WASHINGTON — A month ago leaders across the DMV took action to combat the spread of COVID-19, by ordering residents to stay home – disrupting every day life and business as usual.
“This is a deadly public health crisis—we are no longer asking or suggesting that Marylanders stay home, we are directing them to do so,” Maryland Governor Larry Hogan said on March 30.
Over the past month, researchers have tried analyzing whether these executive orders have been working. Are more people sheltering in place? Are fewer people congregating in public, and if so, how can we quantify and visualize this?
Several research firms have turned to cell phone data, that uses generalized GPS locations provided from third-party apps, to understand whether crowds are social distancing or flocking to hot spot areas.
A viewer contacted WUSA9 after hearing claims that governors in other states were going to start "using cell phone data to track compliance and movement."
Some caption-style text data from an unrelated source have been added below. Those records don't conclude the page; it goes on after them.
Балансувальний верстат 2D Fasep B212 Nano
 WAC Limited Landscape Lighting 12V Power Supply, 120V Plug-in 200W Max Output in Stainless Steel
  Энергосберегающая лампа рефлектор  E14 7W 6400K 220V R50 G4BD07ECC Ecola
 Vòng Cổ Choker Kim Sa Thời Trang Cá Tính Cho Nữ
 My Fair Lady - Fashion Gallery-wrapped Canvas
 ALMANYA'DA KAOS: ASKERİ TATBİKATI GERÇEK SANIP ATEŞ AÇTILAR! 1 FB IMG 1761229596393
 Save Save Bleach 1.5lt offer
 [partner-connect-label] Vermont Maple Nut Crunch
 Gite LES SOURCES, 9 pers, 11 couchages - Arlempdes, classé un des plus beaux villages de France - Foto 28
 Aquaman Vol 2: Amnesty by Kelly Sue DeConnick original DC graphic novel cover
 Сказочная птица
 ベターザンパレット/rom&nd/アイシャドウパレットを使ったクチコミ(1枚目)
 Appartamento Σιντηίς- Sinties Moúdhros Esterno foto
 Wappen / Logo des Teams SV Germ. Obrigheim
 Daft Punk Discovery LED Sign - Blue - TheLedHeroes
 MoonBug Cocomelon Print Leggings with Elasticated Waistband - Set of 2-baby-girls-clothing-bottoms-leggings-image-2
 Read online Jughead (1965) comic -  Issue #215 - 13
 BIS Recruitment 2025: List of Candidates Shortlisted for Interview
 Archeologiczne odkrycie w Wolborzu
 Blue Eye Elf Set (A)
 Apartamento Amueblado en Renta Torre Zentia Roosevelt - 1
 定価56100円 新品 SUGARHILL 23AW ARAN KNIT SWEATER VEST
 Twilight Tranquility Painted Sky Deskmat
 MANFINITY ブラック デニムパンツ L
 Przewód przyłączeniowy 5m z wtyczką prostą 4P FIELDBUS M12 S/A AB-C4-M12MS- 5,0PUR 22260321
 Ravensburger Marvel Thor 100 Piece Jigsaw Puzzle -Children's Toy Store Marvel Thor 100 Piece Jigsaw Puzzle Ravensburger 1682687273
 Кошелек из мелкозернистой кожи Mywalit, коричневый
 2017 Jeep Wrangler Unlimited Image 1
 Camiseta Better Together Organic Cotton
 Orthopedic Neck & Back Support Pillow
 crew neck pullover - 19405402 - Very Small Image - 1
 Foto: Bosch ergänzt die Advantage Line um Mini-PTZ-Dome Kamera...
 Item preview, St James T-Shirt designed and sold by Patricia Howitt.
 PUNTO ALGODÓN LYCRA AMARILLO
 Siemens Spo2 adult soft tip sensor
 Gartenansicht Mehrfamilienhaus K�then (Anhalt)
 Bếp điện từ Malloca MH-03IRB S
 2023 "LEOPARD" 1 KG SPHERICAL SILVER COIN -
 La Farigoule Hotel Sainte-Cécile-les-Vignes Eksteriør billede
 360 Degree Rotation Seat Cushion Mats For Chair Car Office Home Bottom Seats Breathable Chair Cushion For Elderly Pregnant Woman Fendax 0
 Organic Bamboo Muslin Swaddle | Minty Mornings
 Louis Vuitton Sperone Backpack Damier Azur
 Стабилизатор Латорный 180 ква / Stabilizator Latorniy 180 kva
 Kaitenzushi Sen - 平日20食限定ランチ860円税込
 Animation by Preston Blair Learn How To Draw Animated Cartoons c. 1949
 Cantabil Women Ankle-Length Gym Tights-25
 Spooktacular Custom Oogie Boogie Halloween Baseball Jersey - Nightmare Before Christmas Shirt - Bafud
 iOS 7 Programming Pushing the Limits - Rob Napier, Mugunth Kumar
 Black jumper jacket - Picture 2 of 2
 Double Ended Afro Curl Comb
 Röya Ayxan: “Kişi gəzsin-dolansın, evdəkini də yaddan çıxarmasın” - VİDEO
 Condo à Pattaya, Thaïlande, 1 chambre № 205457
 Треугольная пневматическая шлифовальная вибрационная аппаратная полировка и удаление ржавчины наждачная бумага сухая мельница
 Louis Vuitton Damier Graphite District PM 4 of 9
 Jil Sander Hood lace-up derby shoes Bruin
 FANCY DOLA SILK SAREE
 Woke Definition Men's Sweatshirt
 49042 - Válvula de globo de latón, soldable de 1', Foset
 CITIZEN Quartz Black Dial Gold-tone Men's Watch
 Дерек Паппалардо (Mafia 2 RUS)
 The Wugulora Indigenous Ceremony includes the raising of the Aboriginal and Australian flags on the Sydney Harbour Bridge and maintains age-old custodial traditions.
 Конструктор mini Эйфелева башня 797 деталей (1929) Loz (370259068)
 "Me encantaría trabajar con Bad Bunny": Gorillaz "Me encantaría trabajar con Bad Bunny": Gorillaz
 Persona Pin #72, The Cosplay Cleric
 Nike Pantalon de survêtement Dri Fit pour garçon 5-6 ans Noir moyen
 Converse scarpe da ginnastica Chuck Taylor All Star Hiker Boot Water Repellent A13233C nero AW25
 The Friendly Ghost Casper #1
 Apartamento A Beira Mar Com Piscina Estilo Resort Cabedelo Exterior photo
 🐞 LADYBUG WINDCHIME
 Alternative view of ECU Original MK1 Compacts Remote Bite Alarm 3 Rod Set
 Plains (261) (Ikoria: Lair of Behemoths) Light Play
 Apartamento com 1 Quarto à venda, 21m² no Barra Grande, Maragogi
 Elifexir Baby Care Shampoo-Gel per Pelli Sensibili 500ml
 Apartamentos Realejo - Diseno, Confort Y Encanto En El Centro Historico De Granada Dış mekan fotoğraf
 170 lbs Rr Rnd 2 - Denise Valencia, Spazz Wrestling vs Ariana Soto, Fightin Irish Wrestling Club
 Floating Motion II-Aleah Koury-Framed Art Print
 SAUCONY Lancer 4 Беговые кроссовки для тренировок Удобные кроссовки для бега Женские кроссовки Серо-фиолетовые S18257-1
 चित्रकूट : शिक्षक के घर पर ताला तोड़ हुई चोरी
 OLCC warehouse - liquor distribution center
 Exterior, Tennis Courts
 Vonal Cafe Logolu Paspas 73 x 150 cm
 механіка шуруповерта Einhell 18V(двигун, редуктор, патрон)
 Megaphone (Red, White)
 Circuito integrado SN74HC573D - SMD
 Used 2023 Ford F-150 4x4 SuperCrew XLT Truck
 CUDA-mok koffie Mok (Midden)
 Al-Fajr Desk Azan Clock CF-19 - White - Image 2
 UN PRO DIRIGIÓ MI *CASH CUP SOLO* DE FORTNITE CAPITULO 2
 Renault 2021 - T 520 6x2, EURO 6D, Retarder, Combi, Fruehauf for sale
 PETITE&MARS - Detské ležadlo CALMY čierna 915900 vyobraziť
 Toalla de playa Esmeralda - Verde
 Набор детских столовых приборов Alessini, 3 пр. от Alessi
Neither Hogan, Virginia Governor Ralph Northam nor D.C. Mayor Muriel Bowser have expressed interest in doing something like this.
Still, WUSA9 explored whether it would even be legal.
Experts at the Brennan Law Center for Justice and ACLU DC said that when it comes to tracking your specific phone – that would raise all sorts of privacy concerns.
"Could they roll it out without people's knowledge, I think, would raise fundamental Fourth Amendment questions as to whether or not it constitutes both a search of people's data... and... does it constitute as trespass?” Monica Hopkins, ACLU DC's executive director, said.
Hopkins said this would be a question for the courts.
Rachel Levinson-Waldman at the Brennan Center for Justice said its nearly impossible to keep tracking 100% anonymous.
“So if the government was going to put something on my phone. A.) they couldn’t really do that, and, B.) they just would be getting individualized information, there’s sort of no way not to," Levinson-Waldman said.
In fact, Levinson-Waldman explained that if the government wanted to get data from cell phone carriers about a person specifically, they’d need a warrant.
But if that’s the case – how are researchers creating maps online getting their data?
“There are lots of kinds of companies and lots of players that hold that data right, it's not just my cell phone provider. It's apps that I have on my phone that are collecting location information, it's data brokers that information is being provided are sold to. And once it's going there, those companies have a lot more freedom to give or sell that information," Levinson-Waldman said.
Our experts say there would be major privacy concerns if leaders tried to track your individual cell without a warrant in this pandemic.
Analysts using info from third-party apps can only get general data that doesn’t lead back to you.